How about some context. How much is your portfolio up? And why up so little; both those stocks have had a good run since April 2020.
In your personal trading how much leverage do you use? This is something I think about regularly. The three constraints I come across are personal utility/time horizon for capital allocation which produces an aversion to variance, being constrained by capacity/capital intensivity, and being constrained by max loss in the worst conceivable scenario. For the past year I have been running about 40% portfolio volatility on a realized sharpe just under 2. Oftentimes hitting capacity and capital limits. Projection of forward returns on some strategies have gone down though so I will likely reduce my leverage, but I am still thinking about this. Of course this all assumes we are already taking good care to operate below the ceiling where additional volatility drag from more leverage vs. additional returns becomes marginal or negative. Interested to hear any thoughts on how you approach this consideration.
Quick economics quiz using real-world examples: Solo-Swan was an early economics model that explained economic growth as being driven by labor force growth, productivity, and capital flows. Contemporary models build off those key concepts. Using that approach, look at the following charts and then answer the subsequent questions. Population GDP Per Capita (proxy of productivity) Questions: 1. Which region/country is experiencing the fastest population growth? 2. Which region/country is experiencing the lowest per capita GDP? 3. Which region/country has the greatest output gap based upon potential?
Generally, I manage leverage as a function of beta (get leverage up to where portfolio beta = ~1), which puts me between 4-6x levered. I no longer have fancy risk management software, so I will dynamically adjust based upon vols. My strategy is long/short which makes managing leverage a little easier. If you are long only or use other asset classes then there may additional factors to consider. Do you stress test?
This current portfolio im working on is up about 25%+ for the quarter overall. Maybe a little more or a little less. I started slowly putting money in around March or so - Id have to double check for the exact date. Only 10 stocks total. Mix between Tech,ETFs, Innovation, Consumer. I have 1 small cap that will probably blow eventually - high growth potential. And no, im not some moron who thinks some biotech company is gonna blow cuz it can solve my ass herpes. The small cap is an ecommerce business having to do with parts. I only do stocks long term. I do futures short term. ES/MES is all algos so why "do something different" its pretty obvious how the ES/MES moves - meaning, there are only so many outcomes at any given moment. Trading is about possible outcomes and contingencies based upon each outcome. Market is predictable in that - it needs constant reassurance about any good price movement and it usually moves 2 legs.
Buy and hold - so every year I will rebalance the portfolio if it needs it, ya know, taxes, so I wait a yr.

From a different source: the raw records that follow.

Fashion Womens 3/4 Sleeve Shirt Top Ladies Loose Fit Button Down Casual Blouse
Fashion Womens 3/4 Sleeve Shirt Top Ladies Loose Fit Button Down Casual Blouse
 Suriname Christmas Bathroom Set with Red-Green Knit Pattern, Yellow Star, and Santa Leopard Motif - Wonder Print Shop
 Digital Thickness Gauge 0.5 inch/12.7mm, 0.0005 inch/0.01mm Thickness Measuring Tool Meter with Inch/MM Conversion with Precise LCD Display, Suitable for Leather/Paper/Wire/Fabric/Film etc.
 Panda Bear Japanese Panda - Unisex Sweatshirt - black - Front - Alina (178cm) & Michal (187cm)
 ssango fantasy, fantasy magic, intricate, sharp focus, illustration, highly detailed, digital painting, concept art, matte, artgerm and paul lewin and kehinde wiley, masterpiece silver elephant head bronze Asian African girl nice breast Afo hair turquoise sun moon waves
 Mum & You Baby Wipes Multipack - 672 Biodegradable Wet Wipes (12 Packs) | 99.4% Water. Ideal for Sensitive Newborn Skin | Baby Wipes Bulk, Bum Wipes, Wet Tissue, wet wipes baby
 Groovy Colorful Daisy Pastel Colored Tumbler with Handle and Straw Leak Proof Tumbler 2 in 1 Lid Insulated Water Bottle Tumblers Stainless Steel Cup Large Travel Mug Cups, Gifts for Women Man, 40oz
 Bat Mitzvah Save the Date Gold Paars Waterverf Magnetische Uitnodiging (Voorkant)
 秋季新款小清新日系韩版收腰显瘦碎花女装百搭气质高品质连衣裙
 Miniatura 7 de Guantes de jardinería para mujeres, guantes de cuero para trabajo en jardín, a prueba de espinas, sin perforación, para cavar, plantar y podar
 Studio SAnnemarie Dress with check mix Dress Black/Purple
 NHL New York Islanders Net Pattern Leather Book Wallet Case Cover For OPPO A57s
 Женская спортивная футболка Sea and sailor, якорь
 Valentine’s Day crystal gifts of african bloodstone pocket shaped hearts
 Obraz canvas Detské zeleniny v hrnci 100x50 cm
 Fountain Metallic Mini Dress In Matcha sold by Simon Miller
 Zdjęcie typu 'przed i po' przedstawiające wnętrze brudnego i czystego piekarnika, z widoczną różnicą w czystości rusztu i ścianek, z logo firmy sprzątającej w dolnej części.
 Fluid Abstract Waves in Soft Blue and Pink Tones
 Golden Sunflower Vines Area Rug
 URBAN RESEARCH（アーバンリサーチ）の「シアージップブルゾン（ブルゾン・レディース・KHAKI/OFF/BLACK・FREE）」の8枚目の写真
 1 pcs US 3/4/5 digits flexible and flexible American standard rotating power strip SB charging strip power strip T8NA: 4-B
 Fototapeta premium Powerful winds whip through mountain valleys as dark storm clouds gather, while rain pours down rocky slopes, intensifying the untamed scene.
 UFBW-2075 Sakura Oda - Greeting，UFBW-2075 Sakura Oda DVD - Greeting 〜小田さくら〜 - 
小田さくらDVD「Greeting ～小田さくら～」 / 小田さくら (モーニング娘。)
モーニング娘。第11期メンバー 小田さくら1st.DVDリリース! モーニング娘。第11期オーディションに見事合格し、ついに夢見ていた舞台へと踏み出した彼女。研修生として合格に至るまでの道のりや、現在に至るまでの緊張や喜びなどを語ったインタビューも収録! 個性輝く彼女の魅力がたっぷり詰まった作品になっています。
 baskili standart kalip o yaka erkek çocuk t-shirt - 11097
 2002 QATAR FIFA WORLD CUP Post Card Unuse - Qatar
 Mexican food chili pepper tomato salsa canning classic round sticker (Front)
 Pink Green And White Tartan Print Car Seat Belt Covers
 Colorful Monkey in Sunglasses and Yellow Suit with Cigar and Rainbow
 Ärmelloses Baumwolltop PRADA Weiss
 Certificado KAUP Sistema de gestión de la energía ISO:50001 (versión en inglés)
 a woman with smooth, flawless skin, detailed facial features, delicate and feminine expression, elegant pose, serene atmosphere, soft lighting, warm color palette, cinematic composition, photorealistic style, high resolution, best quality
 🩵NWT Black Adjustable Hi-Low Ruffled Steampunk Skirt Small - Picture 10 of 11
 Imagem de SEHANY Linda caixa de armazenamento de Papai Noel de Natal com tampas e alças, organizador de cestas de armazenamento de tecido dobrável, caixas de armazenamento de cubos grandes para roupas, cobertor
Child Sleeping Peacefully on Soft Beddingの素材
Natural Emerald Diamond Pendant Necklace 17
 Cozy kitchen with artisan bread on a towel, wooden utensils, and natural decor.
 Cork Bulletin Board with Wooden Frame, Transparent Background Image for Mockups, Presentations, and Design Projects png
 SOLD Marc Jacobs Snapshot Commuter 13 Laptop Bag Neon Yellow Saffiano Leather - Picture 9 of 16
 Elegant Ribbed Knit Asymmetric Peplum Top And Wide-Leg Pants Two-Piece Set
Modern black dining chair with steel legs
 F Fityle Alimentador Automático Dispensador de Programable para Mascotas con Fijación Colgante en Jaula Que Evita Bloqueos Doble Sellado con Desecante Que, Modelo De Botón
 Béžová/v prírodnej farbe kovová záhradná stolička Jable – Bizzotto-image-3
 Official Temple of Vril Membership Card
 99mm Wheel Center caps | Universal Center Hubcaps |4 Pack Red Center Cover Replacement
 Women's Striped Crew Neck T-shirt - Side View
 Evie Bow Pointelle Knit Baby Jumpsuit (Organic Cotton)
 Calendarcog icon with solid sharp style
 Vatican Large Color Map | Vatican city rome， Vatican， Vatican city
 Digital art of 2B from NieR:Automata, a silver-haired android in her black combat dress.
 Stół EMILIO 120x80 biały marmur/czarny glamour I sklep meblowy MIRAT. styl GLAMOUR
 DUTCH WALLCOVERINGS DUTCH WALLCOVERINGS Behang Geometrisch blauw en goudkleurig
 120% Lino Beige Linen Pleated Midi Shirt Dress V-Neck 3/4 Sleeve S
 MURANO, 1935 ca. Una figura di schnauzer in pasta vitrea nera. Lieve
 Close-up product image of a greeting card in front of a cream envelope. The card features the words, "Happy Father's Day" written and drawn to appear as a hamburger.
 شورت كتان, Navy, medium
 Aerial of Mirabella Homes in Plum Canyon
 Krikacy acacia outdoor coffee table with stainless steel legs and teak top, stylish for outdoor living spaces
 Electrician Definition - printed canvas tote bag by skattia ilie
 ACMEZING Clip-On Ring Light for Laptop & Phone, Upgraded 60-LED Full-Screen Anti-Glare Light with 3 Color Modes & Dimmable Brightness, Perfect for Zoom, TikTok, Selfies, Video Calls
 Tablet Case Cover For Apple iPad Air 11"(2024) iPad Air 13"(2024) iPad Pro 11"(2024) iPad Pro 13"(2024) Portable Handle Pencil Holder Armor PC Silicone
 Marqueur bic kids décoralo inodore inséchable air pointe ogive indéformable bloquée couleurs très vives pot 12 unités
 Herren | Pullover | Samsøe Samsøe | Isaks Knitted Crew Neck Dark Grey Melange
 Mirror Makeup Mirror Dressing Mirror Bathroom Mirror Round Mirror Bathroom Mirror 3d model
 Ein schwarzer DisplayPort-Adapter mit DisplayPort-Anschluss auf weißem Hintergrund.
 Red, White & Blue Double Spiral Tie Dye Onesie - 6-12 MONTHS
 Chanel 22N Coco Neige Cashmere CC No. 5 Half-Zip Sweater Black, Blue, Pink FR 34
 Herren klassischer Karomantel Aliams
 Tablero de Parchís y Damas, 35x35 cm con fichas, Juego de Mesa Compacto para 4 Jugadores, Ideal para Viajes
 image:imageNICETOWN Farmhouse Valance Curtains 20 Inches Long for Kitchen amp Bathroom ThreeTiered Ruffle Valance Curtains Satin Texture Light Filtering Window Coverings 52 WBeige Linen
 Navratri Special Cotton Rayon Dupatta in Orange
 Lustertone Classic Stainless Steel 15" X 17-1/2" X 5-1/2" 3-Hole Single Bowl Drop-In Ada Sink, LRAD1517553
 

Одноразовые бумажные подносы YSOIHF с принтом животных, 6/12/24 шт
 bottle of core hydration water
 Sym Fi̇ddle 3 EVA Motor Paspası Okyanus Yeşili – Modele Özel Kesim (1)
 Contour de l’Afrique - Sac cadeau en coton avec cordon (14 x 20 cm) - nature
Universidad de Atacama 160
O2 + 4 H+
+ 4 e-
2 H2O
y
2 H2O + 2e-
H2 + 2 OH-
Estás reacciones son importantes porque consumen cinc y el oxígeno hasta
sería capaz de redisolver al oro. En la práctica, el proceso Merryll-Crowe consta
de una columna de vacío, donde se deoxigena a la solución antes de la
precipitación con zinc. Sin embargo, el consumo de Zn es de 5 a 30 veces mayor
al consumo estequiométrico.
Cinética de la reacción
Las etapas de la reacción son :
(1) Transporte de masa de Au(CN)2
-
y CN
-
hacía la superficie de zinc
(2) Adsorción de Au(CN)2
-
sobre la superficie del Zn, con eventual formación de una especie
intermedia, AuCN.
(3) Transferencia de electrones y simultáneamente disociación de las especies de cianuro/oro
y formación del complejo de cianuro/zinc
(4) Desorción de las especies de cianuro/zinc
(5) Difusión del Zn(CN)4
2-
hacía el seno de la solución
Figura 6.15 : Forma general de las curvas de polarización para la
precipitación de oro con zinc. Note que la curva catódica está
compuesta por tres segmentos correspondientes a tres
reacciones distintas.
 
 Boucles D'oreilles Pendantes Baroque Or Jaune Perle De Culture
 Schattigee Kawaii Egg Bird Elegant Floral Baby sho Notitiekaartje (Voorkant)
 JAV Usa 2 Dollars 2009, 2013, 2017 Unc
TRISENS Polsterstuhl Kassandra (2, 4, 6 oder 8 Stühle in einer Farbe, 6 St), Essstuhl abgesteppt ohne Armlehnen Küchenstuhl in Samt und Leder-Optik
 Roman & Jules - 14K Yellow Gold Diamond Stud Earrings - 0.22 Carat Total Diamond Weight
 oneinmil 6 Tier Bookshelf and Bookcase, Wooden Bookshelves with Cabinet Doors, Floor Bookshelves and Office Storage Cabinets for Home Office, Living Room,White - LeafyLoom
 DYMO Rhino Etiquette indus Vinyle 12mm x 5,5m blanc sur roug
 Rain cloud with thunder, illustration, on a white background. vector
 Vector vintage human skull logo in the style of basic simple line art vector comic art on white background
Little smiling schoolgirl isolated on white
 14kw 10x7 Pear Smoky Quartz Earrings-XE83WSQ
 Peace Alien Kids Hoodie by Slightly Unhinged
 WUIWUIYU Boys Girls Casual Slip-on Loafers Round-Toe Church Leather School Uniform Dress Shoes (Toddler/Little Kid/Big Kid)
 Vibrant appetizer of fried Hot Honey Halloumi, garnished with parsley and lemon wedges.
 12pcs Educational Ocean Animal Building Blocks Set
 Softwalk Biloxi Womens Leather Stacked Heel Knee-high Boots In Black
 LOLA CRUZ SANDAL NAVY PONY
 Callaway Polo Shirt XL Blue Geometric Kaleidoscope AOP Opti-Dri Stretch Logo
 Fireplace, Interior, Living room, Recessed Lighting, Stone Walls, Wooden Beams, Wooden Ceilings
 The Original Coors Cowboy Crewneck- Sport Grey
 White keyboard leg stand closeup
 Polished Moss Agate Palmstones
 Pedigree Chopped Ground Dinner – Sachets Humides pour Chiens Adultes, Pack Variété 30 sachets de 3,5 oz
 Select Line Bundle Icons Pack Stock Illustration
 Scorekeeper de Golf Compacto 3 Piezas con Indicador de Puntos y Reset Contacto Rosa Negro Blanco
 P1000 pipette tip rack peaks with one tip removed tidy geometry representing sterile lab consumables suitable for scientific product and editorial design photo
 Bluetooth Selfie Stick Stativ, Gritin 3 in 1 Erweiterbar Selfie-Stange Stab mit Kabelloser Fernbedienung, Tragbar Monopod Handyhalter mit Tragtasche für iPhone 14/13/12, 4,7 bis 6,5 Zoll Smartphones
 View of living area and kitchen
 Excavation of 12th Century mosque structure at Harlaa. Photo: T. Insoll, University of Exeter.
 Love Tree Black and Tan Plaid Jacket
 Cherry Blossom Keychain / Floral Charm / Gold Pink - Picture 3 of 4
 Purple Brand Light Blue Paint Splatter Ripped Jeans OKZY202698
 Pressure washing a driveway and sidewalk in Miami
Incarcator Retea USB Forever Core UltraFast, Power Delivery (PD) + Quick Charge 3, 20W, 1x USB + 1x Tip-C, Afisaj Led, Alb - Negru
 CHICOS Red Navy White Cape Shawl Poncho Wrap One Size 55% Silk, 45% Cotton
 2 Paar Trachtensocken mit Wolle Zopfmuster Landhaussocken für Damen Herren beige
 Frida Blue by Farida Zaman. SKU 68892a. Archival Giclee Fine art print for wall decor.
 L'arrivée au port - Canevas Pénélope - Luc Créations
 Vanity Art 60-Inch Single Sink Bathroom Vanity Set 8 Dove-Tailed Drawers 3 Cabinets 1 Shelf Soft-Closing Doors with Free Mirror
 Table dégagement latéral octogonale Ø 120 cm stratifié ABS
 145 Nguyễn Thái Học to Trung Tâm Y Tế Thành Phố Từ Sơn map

I dont mind using that money to sit on stocks for 5+ years. However, as I make more money I will have a YOLO fund. I think everyone should have a little (relative) YOLO acct. So i have stocks and BTC/ADA as long term. Good tax outcomes for both markets if you stay long term. Plus, stocks are more susceptible to a news outcome even though they do use algos 95% of the time. Futures, good tax short term as you know, and not too susceptible to even big news events barring Fed announcements and things of the sort. So about 99% algo trading. You are following a wave not carving your own path. And since you are dealing with algos - LITERALLY every tick matters or certain algos wont buy/sell to continue the trend.
Don't trade futures. No edge I can ascertain. Canadian tax laws a little different. Doesn't matter what holding period for stocks (except day trading which is considered a business). I buy stocks that are rising in price and continue to hold until the trend changes. Don't hold losers in the portfolio. Don't see the downside in holding cash. #1 priority is protecting capital.